Após três anos de omissões e contradições sucessivas, ficámos agora, a um mês das eleições, a conhecer as ideias do governo quanto aos grandes projectos viários por realizar - o TGV, a terceira travessia do Tejo e o novo aeroporto internacional de Lisboa. Foi preciso um governo de gestão, destituído de poderes estruturantes e em fase terminal, para a actual maioria se mostrar arrependida do seu passado recente e do discurso fácil que exibiu. Não me esquecerei das tiradas eleitorais populistas do actual presidente da Comissão Europeia contra o avanço dos três grandes projectos: "Não haverá TGV enquanto todos não tiverem acesso aos cuidados de saúde" (ou algo de muito semelhante), repetiu Durão Barroso durante a última campanha. Do novo aeroporto internacional e da terceira ponte sobre o Tejo, nem falar. Eram projectos sumptuários, impossíveis de concretizar em ambiente de crise financeira do Estado.
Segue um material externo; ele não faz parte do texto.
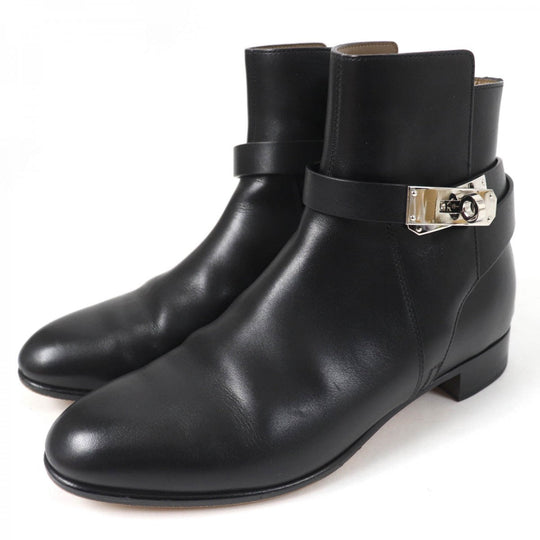 HERMES short boots Main: Leather black Neo Women 36.5 Used Authentic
Mas eis que o cenário político se transforma radicalmente. Com eleições à vista, o irrequieto ministro das Obras Públicas decide-se por um salto em frente e por um anúncio virtual - haverá TGV, sim senhor, e não uma mas duas novas travessias sobre o Tejo (Algés-Trafaria e Chelas-Barreiro). À parte o marketing e as óbvias intenções promocionais, não deixam de ser boas notícias. É certo que as opções técnicas avançadas estão longe de ser inquestionáveis e que será o próximo executivo a ter a última palavra. Mas não deixa de ser salutar que dois dossiês tão importantes para o país cessem de ser objecto de disputa sectária e demagógica. Se esta é uma das tais áreas de consenso possíveis a que muitos economistas se referem, seja bem-vinda.

Pelo caminho, ficaram três anos de indecisões e não-decisões, comprometendo definitivamente o arranque das obras em 2005 e, assim, os fundos provenientes do III Quadro Comunitário de Apoio. Por outras palavras, as do próprio António Mexia, "a não tomada de decisões compromete o futuro do país". Pois é, senhor ministro, agora vamos ter de gastar mais uns insignificantes milhares de milhões de euros do nosso bolso. Dir-se-á que a obsessão orçamental foi a culpada e que o aperto financeiro era incompatível com a manutenção do calendário inicial. Mas é precisamente em situações de penúria de recursos que se impõem escolhas políticas corajosas. Se se tivesse, por exemplo, abdicado de compras sumptuárias de equipamento militar (submarinos, fragatas, carros de combate), ter-se-ia podido prosseguir o projecto TGV ao ritmo previsto e assegurar pelo menos 40% de financiamento comunitário. Assim, resta-nos esperar que os submarinos do nosso orgulho militar se revelem úteis nos trabalhos de construção sub-aquática da nova travessia do mar da Palha.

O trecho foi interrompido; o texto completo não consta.